» Instructions to follow: Using the listing below, retype exactly the lines starting at the one with "However, you cannot" and ending at the one with "Alright, welcome back", and include both.

» Available records:
▬▬▬▬▬▬
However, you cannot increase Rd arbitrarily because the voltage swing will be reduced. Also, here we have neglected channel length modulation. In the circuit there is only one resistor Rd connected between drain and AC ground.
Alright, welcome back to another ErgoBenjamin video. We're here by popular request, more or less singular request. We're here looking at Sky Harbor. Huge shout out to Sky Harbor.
▬▬▬▬▬▬
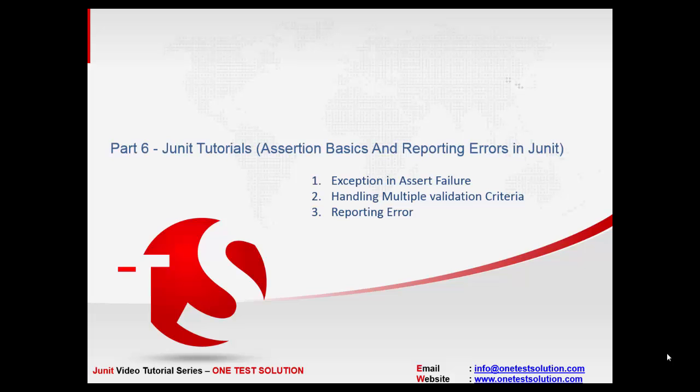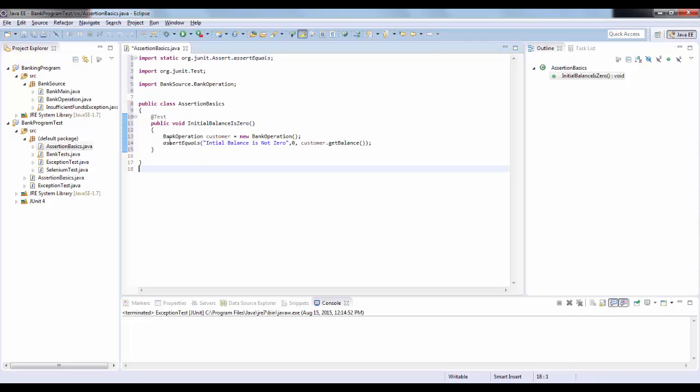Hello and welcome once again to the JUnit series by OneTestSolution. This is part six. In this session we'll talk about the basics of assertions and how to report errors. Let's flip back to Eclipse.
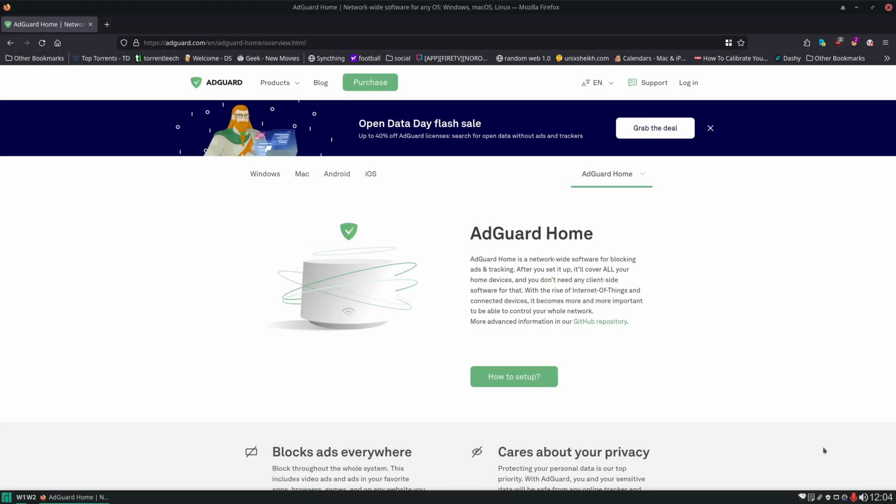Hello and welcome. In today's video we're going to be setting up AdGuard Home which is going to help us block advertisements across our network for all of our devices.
▬▬▬▬▬▬
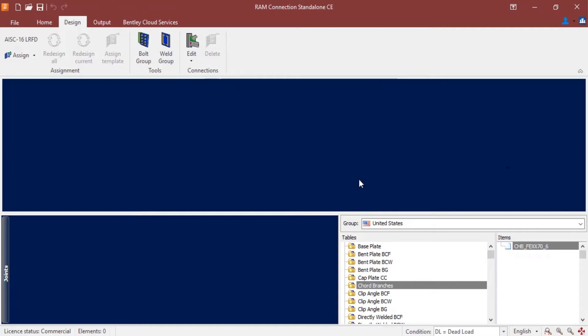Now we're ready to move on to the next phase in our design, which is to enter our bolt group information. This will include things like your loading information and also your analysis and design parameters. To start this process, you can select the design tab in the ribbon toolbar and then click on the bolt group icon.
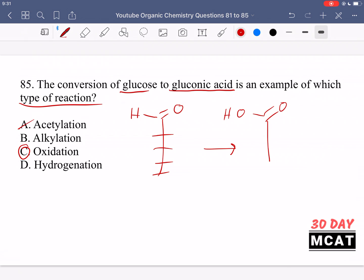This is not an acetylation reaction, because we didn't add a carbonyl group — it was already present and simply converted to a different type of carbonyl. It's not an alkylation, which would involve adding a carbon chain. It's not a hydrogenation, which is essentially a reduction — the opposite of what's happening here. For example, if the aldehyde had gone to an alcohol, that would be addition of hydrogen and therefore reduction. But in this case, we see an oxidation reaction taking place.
▬▬▬▬▬▬
» Your response:
However, you cannot increase Rd arbitrarily because the voltage swing will be reduced. Also, here we have neglected channel length modulation. In the circuit there is only one resistor Rd connected between drain and AC ground.
Alright, welcome back to another ErgoBenjamin video. We're here by popular request, more or less singular request. We're here looking at Sky Harbor. Huge shout out to Sky Harbor.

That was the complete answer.